Thanks LT, I think all these extras are, well just as the name suggests, extras! The more I consider everything from a practical perspective as opposed to "oooh that would be nice and fancy" things like GPS, EBS, remote control aren't essential. 

I see the benefit in the auto distance e.g. set the distance and send the trolley to wherever you need it to go. But how often am I actually going to use that feature during a round, for me, not a lot!




Robster59 said:



			I think this pretty much sums it up for me.  If there is a slope anywhere I just park it sideways.  As LT said, and I said before, I have no objection to other trolleys with all their add-ons, but I just don't feel the need for them.  For me, a lot are features rather than benefits.  GPS?  I have my Shot Scope watch which also features shot-tracking.  Auto-distance?  I actually don't see many people use that anyway on trolleys that have them, and you have to have a clear run.  EBS?  I've never felt the trolley is going to pull me down a slope.  It just goes with me. Digital speed display?  I can't see the point as the roller control is so intuitive I can adjust my speed without a thought. 
GoKart benefits?  My current one I can have out of my boot, snapped into place and the battery fitted in less than 30 seconds.  It won't rust as it's plastic.  Customer service is fantastic.  It's simple but, IMHO, there's less to go wrong.  The motor pulls like a train up the steepest of slopes at our club, and my cart bag has everything in it to cope with all Scottish weather, so it's not light.  And I like the individual looks. 
Would I buy another?  Absolutely, and probably with auto-speed control.  But my current one is showing no signs of giving up the ghost (touching lots of wood) and so in reality I can't see the need to replace it yet.  But if and when it does go to that great fairway in the sky, I'd replace it with another GoKart.
(BTW, my name is Stephen (or Ste, or Steve, or Stevie which I'm now called since living in Scotland .  The Robster is a combination of surname and first name).
		
Click to expand...

Cheers Steve! Like yourself I have my Garmin so no need for GPS. Play at a hilly course so a well built electric trolley is the priority not features like EBS, etc.

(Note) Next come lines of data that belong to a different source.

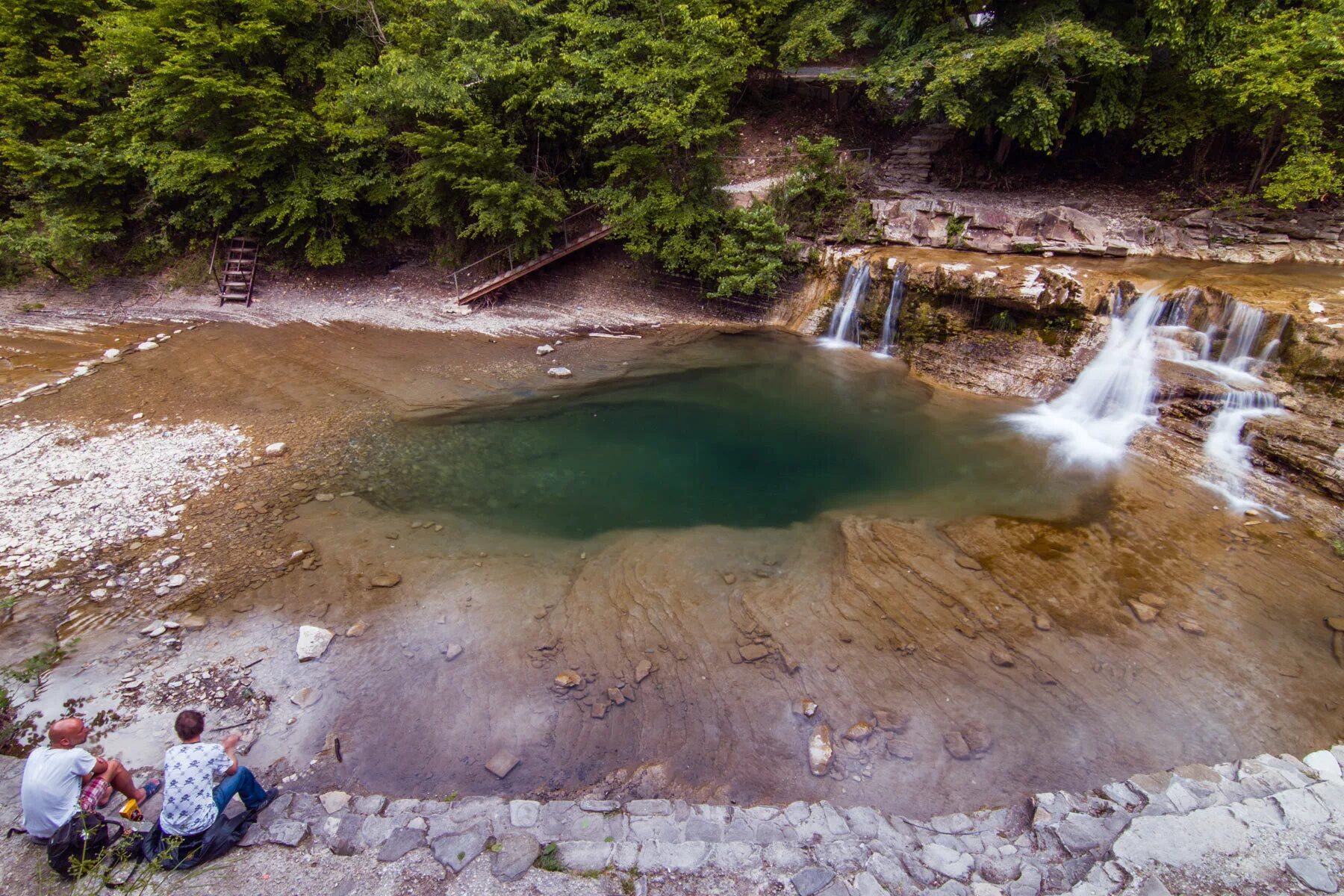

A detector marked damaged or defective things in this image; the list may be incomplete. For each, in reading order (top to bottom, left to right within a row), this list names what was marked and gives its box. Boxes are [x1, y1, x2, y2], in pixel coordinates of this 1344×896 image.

rusty metal staircase [211, 236, 260, 306]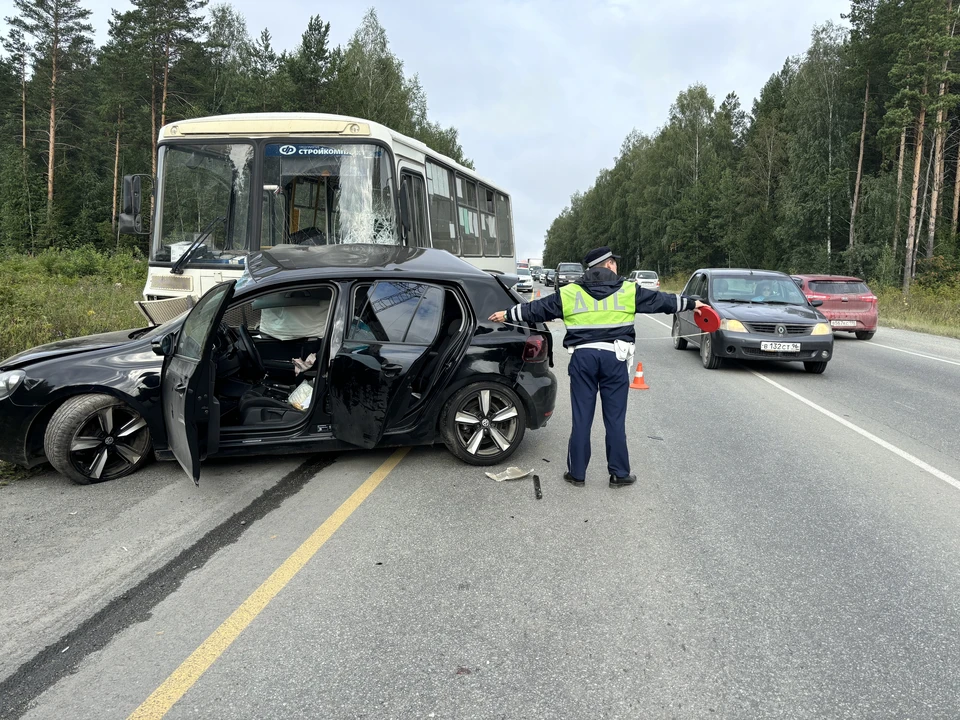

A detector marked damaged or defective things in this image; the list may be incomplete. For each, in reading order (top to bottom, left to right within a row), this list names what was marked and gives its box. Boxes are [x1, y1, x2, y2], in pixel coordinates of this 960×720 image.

cracked bus windshield [152, 142, 255, 262]
cracked bus windshield [260, 143, 396, 250]
damaged black car [0, 245, 560, 486]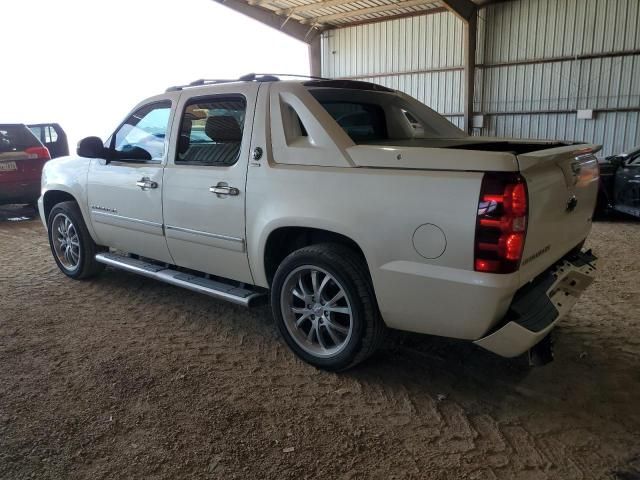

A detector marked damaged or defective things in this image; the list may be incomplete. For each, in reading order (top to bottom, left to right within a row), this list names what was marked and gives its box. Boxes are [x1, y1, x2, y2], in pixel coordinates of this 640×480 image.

damaged rear bumper [472, 249, 596, 358]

The more and more I research into this, the more I feel like the Gokart auto is the best option for what I'm looking for!


----------



## TigerBear (May 19, 2021)

sweaty sock said:



			My priority list would be.

Good posture / ergo
Good build quality
Good battery life
Good value
Intuative speed control
Easy to fold and handle
Umbrella holder

Nice to haves -
Drinks holder
Auto distance 25/50 yards

Not needed -
Brake
Phone holder
GPS
Distance measure
Phone charger
Score card holder
Complicated display
		
Click to expand...

For me solid build quality, easy to fold away and compact design, umbrella holder. 

Anything else a bonus. 

For those reasons, the Gokart and its reviews, the feedback on here and the price make it the most attractive option for what I need.


----------



## M.Harmon (May 20, 2021)

The CT6 is the most compact with the wheels inverted, the GoKart still looks large when folded and placed in the boot on the product video.


----------



## Smiffy (May 20, 2021)

M.Harmon said:



			The GoKart still looks large when folded and placed in the boot on the product video.
		
Click to expand...

It's not.
😉😉😉


----------



## TigerBear (May 21, 2021)

M.Harmon said:



			The CT6 is the most compact with the wheels inverted, the GoKart still looks large when folded and placed in the boot on the product video.
		
Click to expand...

I hear you and no denying that the CT6 is mega compact but hearing stories and reading reviews of very poor build quality.

For that reason, I'm pulled more to the slightly "bulkier"(?) GoKart.

Still undecided haha, give me strength!


----------



## RichA (May 21, 2021)

TigerBear said:



			I hear you and no denying that the CT6 is mega compact but hearing stories and reading reviews of very poor build quality.

For that reason, I'm pulled more to the slightly "bulkier"(?) GoKart.

Still undecided haha, give me strength!
		
Click to expand...

Just got a message that my Go Kart auto will be delivered today. Shame it wasn't in time for the 28 holes I played yesterday. 
Never had a power trolley before, so I'm going in blind but open-minded. I'm sure nobody's interested in my ramblings, but I'll let you know my impressions once I've had it out on the course.


----------



## M.Harmon (May 21, 2021)

TigerBear said:



			I hear you and no denying that the CT6 is mega compact but hearing stories and reading reviews of very poor build quality.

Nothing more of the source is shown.